Entré en el portal contiguo al de la boîte Tabú. En la acera ya no estaba el automóvil que había traído a la muchacha. Cerré por dentro y encendí la luz de la escalera. Al fondo había un patio lleno de cajas de botellas. Me empujaba una ira tan pura y tan poderosa como la fría voluntad de cazar, como el instinto de matar a otros para no morir yo. En otro tiempo yo había matado, cuerpo a cuerpo, manejando en mi mano derecha un cuchillo o firmando una orden de ejecución. Ahora aquel instinto olvidado renacía en mí como el rencor y la furia de la juventud. Había una pequeña puerta enrejada en el patio. Hice saltar la cerradura con el destornillador. Reconocí el corredor con bombillas rojas que llevaba a los camerinos y busqué el de Rebeca Osorio. Sentada de espaldas al espejo, una mujer gorda, con el pelo teñido de rubio, estaba cosiendo un vestido. El hombre de la espalda torcida conversaba con ella, haciendo ademanes femeninos que mi llegada interrumpió. ¿Cómo no me di cuenta antes de que llevaba colorete en los pómulos?

– Capitán Darman -dijo, sin sorpresa, como si hubiera estado esperándome y lamentara mi temeridad-. Le dije que no viniera. Se lo pedí.

– Quiero verla -me acerqué a ellos, con el destornillador en la mano, y la mujer gorda retrocedió, soltando la costura, que cayó entre sus pies-. Usted me llevará.

– No se fíe de su imaginación, capitán -el hombre sonreía, y las arrugas de su cara abrían leves hendiduras en el maquillaje-. Usted cree que la vio entrar, pero no es cierto. La impaciencia sexual provoca alucinaciones. Esa muchacha es una alucinación de sus ojos.

La mujer gorda se enredaba nerviosamente los dedos con anillos sobre el vientre abultado. Tenía la cara lisa y brillante como porcelana y sus cejas eran dos largas líneas pintadas. Sentados allí, en el camerino, con las rodillas juntas, como dos mujeres que charlan para distraer la costura, parecían los guardianes de un recinto impenetrable y trivial, los celadores de un prostíbulo.
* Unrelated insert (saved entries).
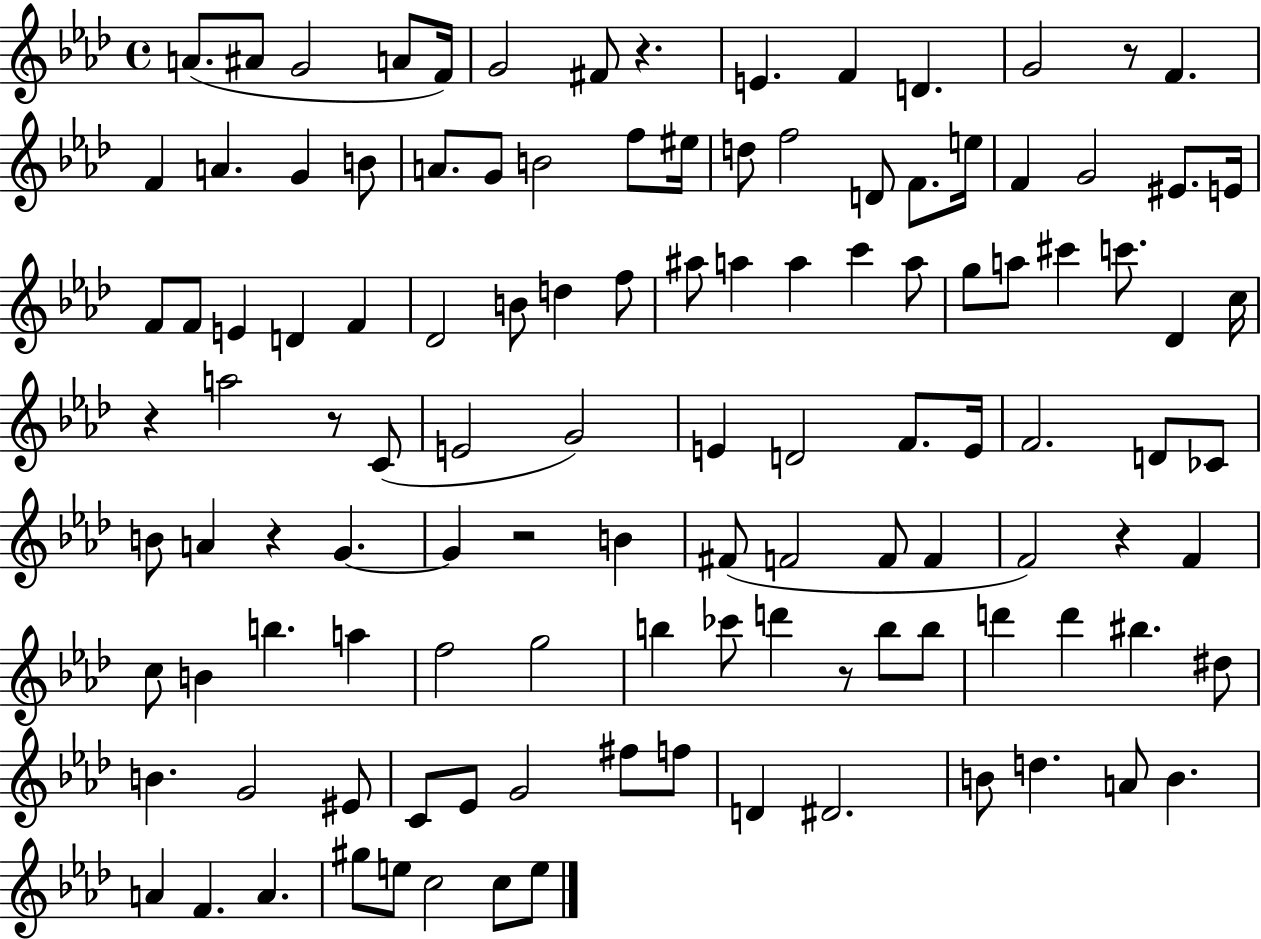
{
  \clef treble
  \time 4/4
  \defaultTimeSignature
  \key aes \major
  a'8.( ais'8 g'2 a'8 f'16) | g'2 fis'8 r4. | e'4. f'4 d'4. | g'2 r8 f'4. | \break f'4 a'4. g'4 b'8 | a'8. g'8 b'2 f''8 eis''16 | d''8 f''2 d'8 f'8. e''16 | f'4 g'2 eis'8. e'16 | \break f'8 f'8 e'4 d'4 f'4 | des'2 b'8 d''4 f''8 | ais''8 a''4 a''4 c'''4 a''8 | g''8 a''8 cis'''4 c'''8. des'4 c''16 | \break r4 a''2 r8 c'8( | e'2 g'2) | e'4 d'2 f'8. e'16 | f'2. d'8 ces'8 | \break b'8 a'4 r4 g'4.~~ | g'4 r2 b'4 | fis'8( f'2 f'8 f'4 | f'2) r4 f'4 | \break c''8 b'4 b''4. a''4 | f''2 g''2 | b''4 ces'''8 d'''4 r8 b''8 b''8 | d'''4 d'''4 bis''4. dis''8 | \break b'4. g'2 eis'8 | c'8 ees'8 g'2 fis''8 f''8 | d'4 dis'2. | b'8 d''4. a'8 b'4. | \break a'4 f'4. a'4. | gis''8 e''8 c''2 c''8 e''8 | \bar "|."
}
– Está bien -dijo el hombre de la espalda torcida, levantando las manos, como si lo amenazara un revólver-. Si no me cree yo mismo le mostraré las dependencias de la casa. Pero los sueños son mentira, capitán. Pura mentira, como las películas que poníamos en el Universal Cinema.
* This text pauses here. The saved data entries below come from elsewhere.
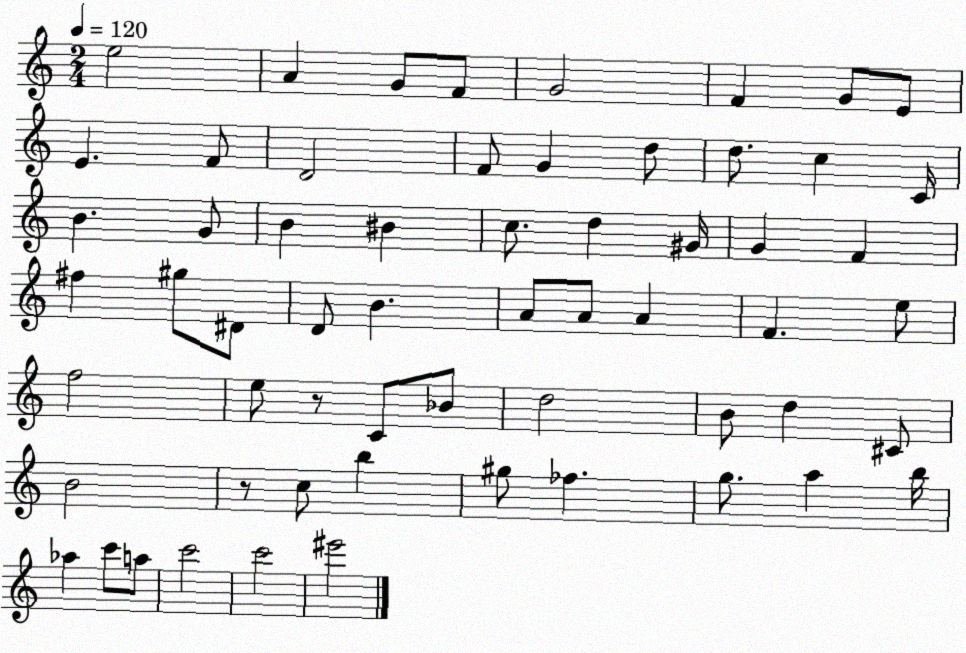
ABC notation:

X:1
T:Untitled
M:2/4
L:1/4
K:C
e2 A G/2 F/2 G2 F G/2 E/2 E F/2 D2 F/2 G d/2 d/2 c C/4 B G/2 B ^B c/2 d ^G/4 G F ^f ^g/2 ^D/2 D/2 B A/2 A/2 A F e/2 f2 e/2 z/2 C/2 _B/2 d2 B/2 d ^C/2 B2 z/2 c/2 b ^g/2 _f g/2 a b/4 _a c'/2 a/2 c'2 c'2 ^e'2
Salí tras él al corredor. Los ojos de la mujer gorda miraban como incrustados en la carne de un pulpo. Cojeaba delante de mí, abriendo una tras otra las puertas de los camerinos y encendiendo las luces para mostrarme el interior con los fluidos ademanes de un ilusionista que enseña al público una caja vacía o un pañuelo sin misterio. «Nada», me decía, «usted mismo puede comprobarlo, abra los armarios si quiere, mire detrás de las cortinas, nada, capitán», y seguía andando a cojetadas y torciendo hacia mí su cabeza sin cuello, un poco sudoroso, irónico, servicial, mirando a veces de soslayo la punta del destornillador. Cuando llegamos a la sala pulsó un conmutador y se encendieron al mismo tiempo todas las pequeñas lámparas azules de las mesas como llamas votivas, y también la luz del escenario desierto. Subió a él encorvándose como si escalara velozmente con el auxilio de las manos y me miró desde arriba, pisando las sonoras tablas, triunfal, desafiándome con su cara de burla, él y yo solos en aquella penumbra que unas horas después se poblaría de miradas y cuerpos, igual que dos actores en un teatro todavía cerrado donde el eco vuelve extrañas las voces. «Desengáñese, capitán», repetía, frotándose las manos, y levantaba la cortina negra del fondo para que yo viera el tabique de ladrillo desnudo y la entrada del pasadizo por donde ella desaparecería al apagarse la luz del reflector, «no se quede ahí, suba conmigo, ningún secreto para usted en la boîte Tabú».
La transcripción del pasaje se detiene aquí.